Why is Anchor Text Important? 

Anchor text or hyperlinked text provides a concise and attractive context of the content present on a linked page or website. It has to be effective and when it is in between the para, always should be in the flow with the content; it should never be forcefully stuffed in there. 

 In advanced SEO practices, anchor text provides some additional context for search engines. This way the anchor text improves the search ranking by helping search engines to understand the linked page. 

 Note: The page can be indexed by Google but not yet crawled using only the anchor text or the URL! 

 Anchor text is essential for site ranking as it helps search engines to understand the page and lets crawlers know about its existence over the web. Anchor text is the front face of the earned rich backlinks by the websites from other high DA/PA websites in the industry. 

 For example, if you are writing a post to link an application, then you can use a direct CTA. Ultimately it will look relevant and natural. A hyperlink can be both internal and external; if it is relevant it will improve the site's presence over the search engine in SERP. 

 Many types of links and anchor texts can be added to the page, the most common of them are listed below: 

  • Branded links. These types of links are directly embedded in the anchor text with the brand name of a business. 
  • Sometimes people use direct URLs instead of embedding them into anchor text, but this method is likely to be less effective. 
  • Article or Page title. The exact name of the page or title of the linked blog post can be used as anchor text. 

 

 

  • We can use similar entities or phrases strongly related to the target keyword. 
  • Texts or links are used in mixed form and jumbled with meaningful appearance targeting the linked page. 
  • The most common CTAs are: click here, view more, read more, etc. These links are not useful to get the page crawled. 

Best practices for anchor texts 

1. Write anchor texts that make sense without the surrounding text

Think like a reader or a site visitor which is not easy to determine. But this way you will be able to mix the anchor text with the content in such a way that if you place that anchor text somewhere else, still it would make sense. Anchor text can be creative to let the visitor know whether the link is working or not.   

Create an anchor text that is itself enough to create an urge in the reader to click that text. Describe the destination of the link easily using creativity in anchor texts and making them independent of the surrounding content. 

 Check out this for the same: 

Useful: “A complete guide about Anchor text 

Not Useful: “Click here to learn about anchor text” 

 The final takeaway, readers focus only on the linked text, not the word surrounding it.
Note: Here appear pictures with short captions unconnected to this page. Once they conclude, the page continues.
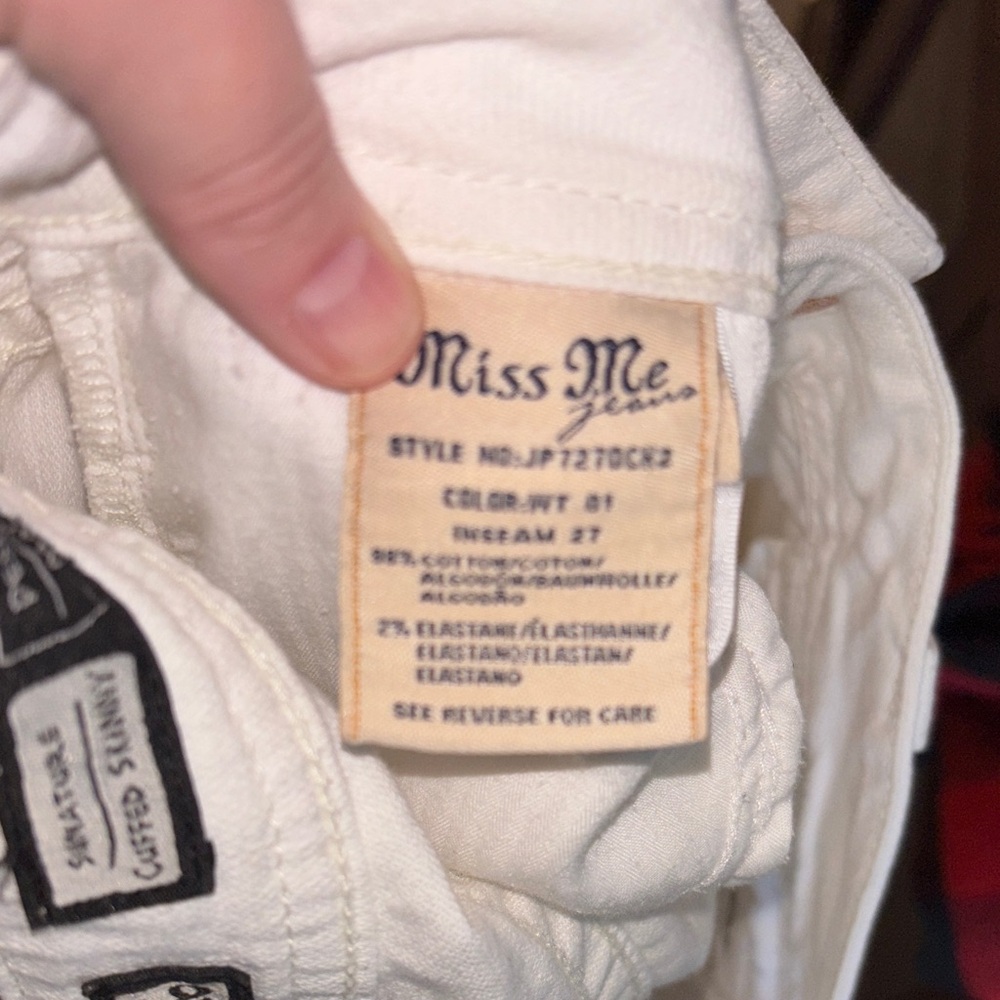 Miss‎ Me Signature Midrise White Distressed Cuffed Skinny Jeans - Picture 8 of 8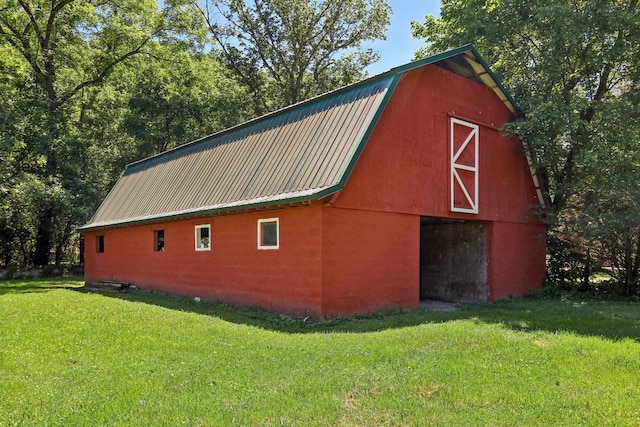 exterior space featuring a lawn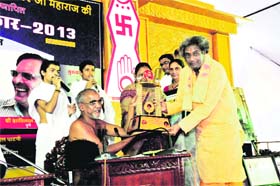 Jain Muni Tarun Sagar honours Shantikuj head Dr Pranav Pandya with the Tarun Kranti Award in Jaipur (Rajasthan) on Sunday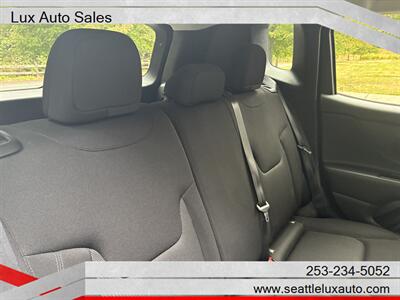 2023 Jeep Renegade Latitude   - Photo 18 - Woodinville, WA 98077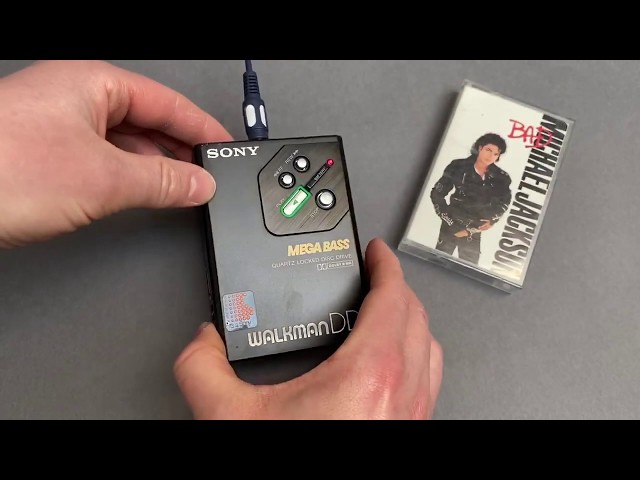 Sony Walkman WM DD30 - YouTube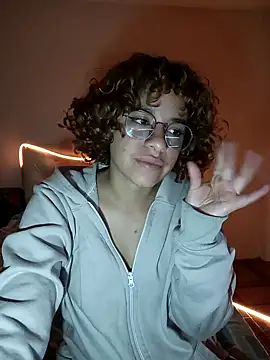 Snapshot of EmmaMelissa0521 chatting on 01.27.25 EmmaMelissa0521 online show from 01.27.25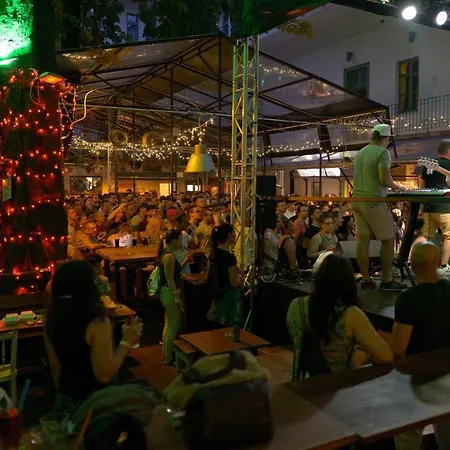 Hostal The Hive Party Budapest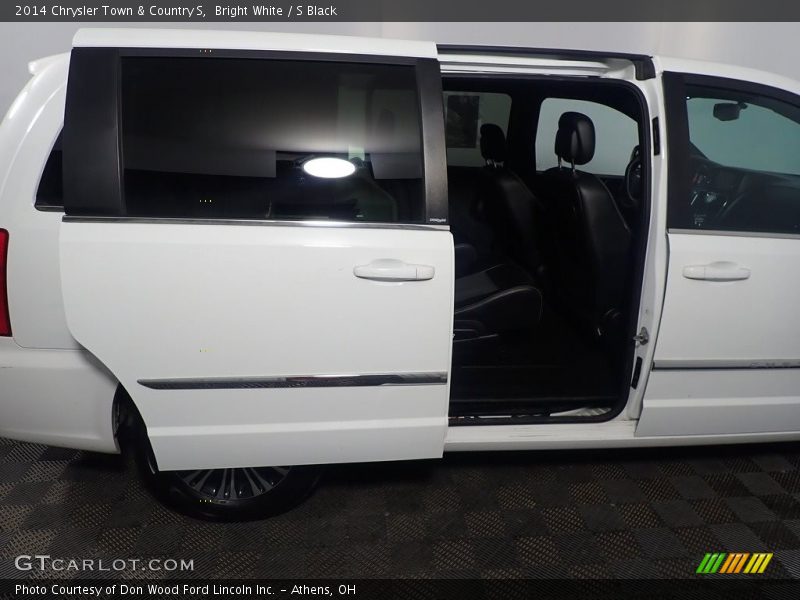 Bright White / S Black 2014 Chrysler Town & Country S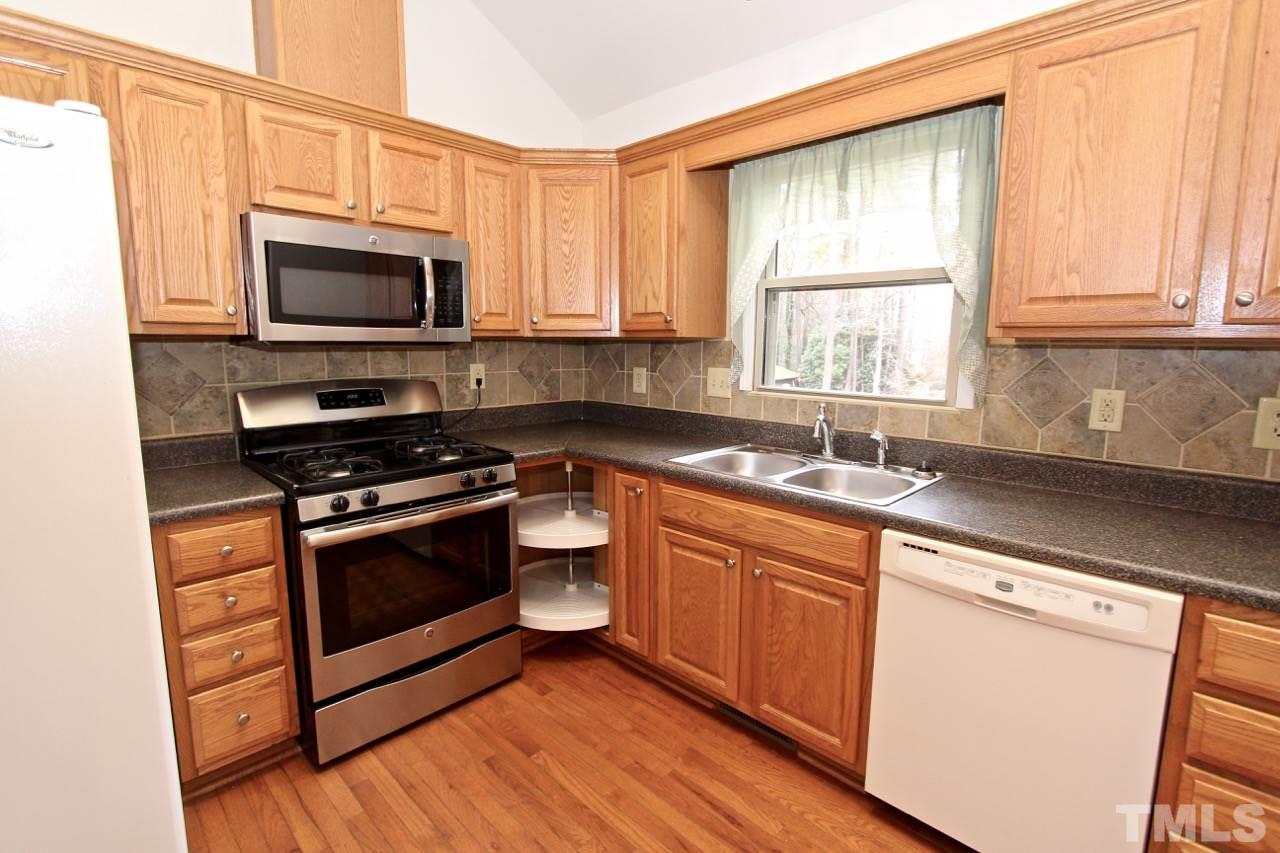2209 Brett Circle Raleigh, NC 27603 - Photo 3 of 25 Gallery Image 3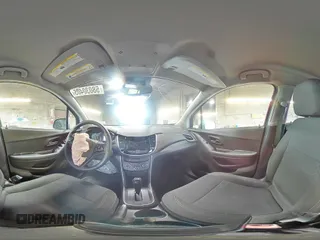 2021 Chevrolet Trax LS z VIN KL7CJNSB1MB336852, wystawiony jako Copart lot #58030405 z przebiegiem 20 908 mil mil oraz Szkoda całkowita • Salvage title. Historia ofert i sprzedaży dostępna na DreamBid. Obrazek 16.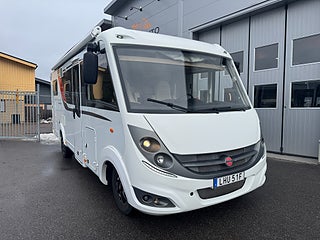 Husbil-integrerad Bürstner Aviano 690 Luftfjädring! Långbädd! Endast 6,99m! 17 av 20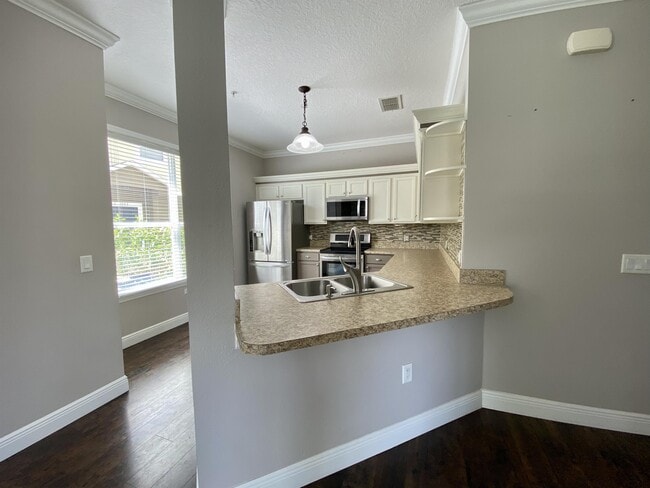 Building Photo - 1343 Broken Oak Dr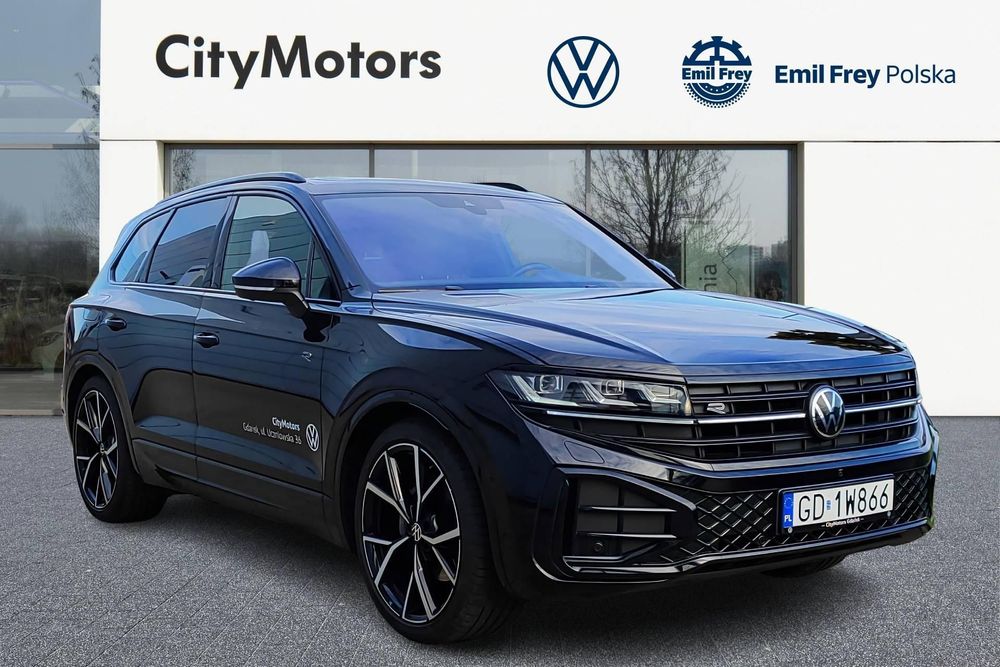 Volkswagen Touareg DEMO pakiet zawieszenia pakiet drogowy plus DYNAUDIO dach panoramiczny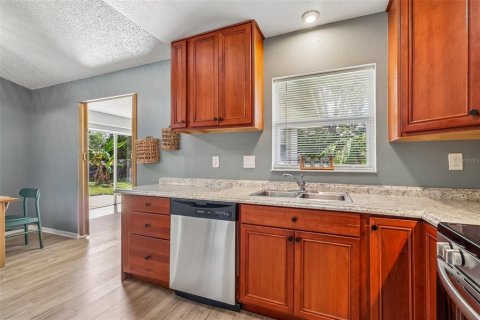 Villa ou maison à vendre à Orlando, Floride: 4 chambres, 135.73 m2 № 2428932 - photo 11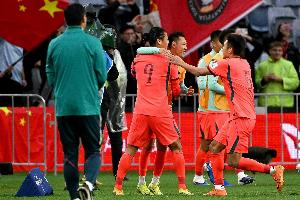 记者：库拉索能力一般而且精神上随意，国足就缺持球攻防转换能手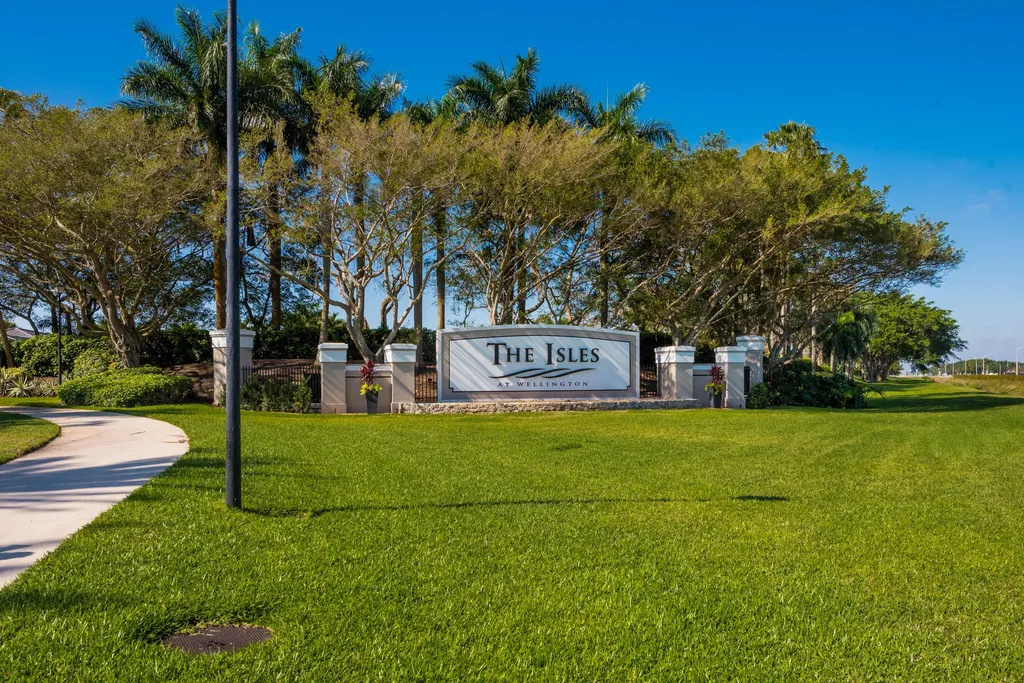4050 Bahia Isle Circle Wellington FL 33449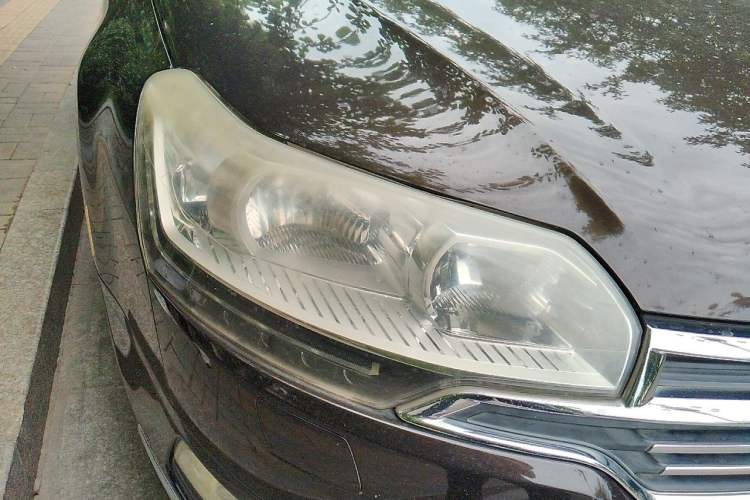 Used Citroen C5 2013 2.0L Automatic Luxury Model Right Front Headlight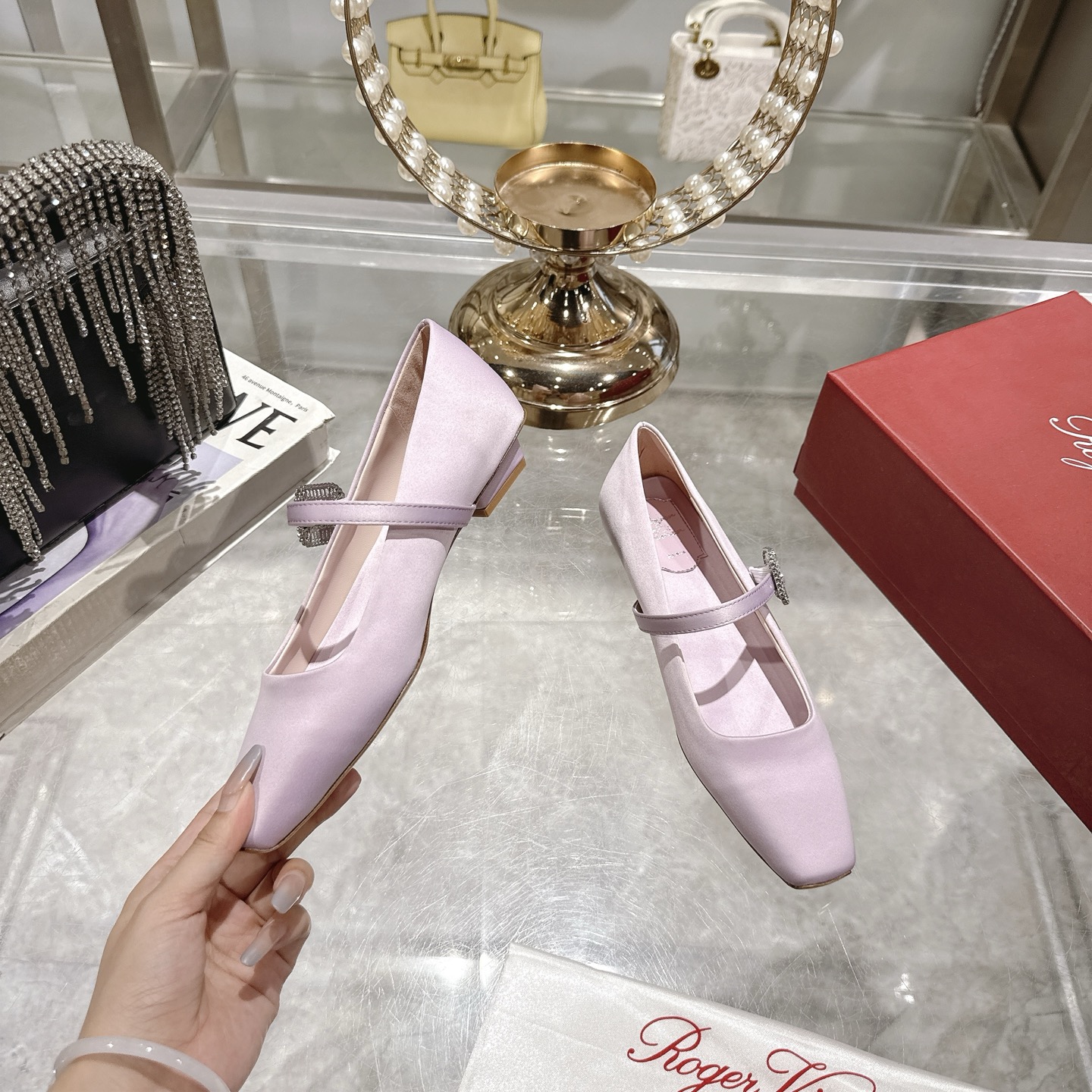 French-made RV 25ss Mary Jane shoes with elegant design, silk material, sheepskin lining, and original gold details. - 图片 4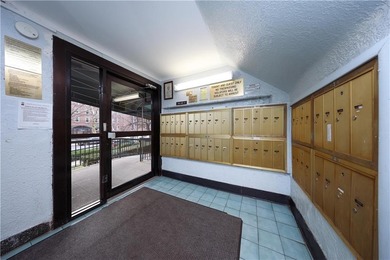 Welcome to Senate Coops! Bright 1-Bedroom Co-op in Prime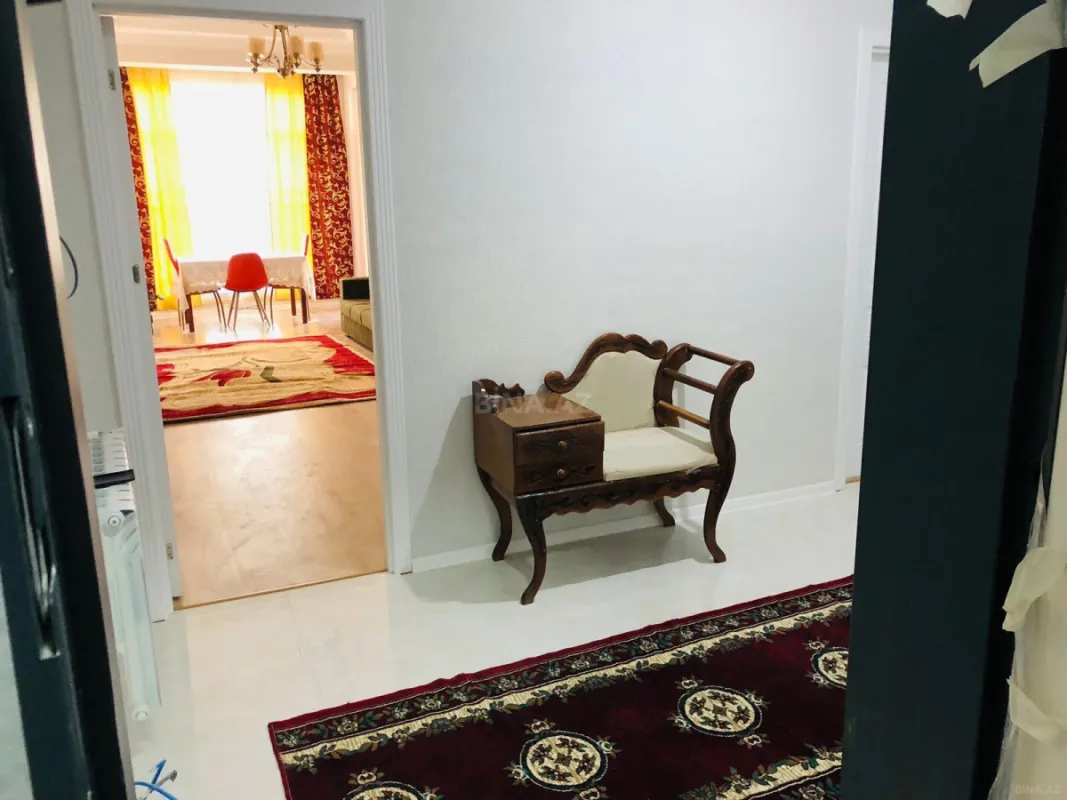 Kirayə verilir 2 otaqlı mənzil 75 m²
If the hyperlinked text is interesting then well and good otherwise there is no use for that interlinking. 

 2. Avoid keyword stuffing

Do not try to stuff keywords in the anchor text forcefully; it would make the anchor text uninteresting. Using exact is also one of the types of anchor text but it is not that impactful always. So, matching the same phrase for every link is not helpful. Google takes it as over optimize and may penalize your website for it. In this case, the search engine ignores the links and costs you no opportunity to rank that linked pages. 

3. Diversify your anchor texts

When you are interlinking your website pages and blog posts with each other, you have the freedom to diversify the use of anchor text. You are open to using synonyms and experimenting with new ways to attract an audience to that interlinked page.  

You can get a complete insight into anchor text from the search engine itself. 

Outgoing links never use the same anchor text on the same page. So be creative and use different synonyms for either external or internal linking. Put a specific focus on the website's reputation, so Google would not find it in spammy behavior.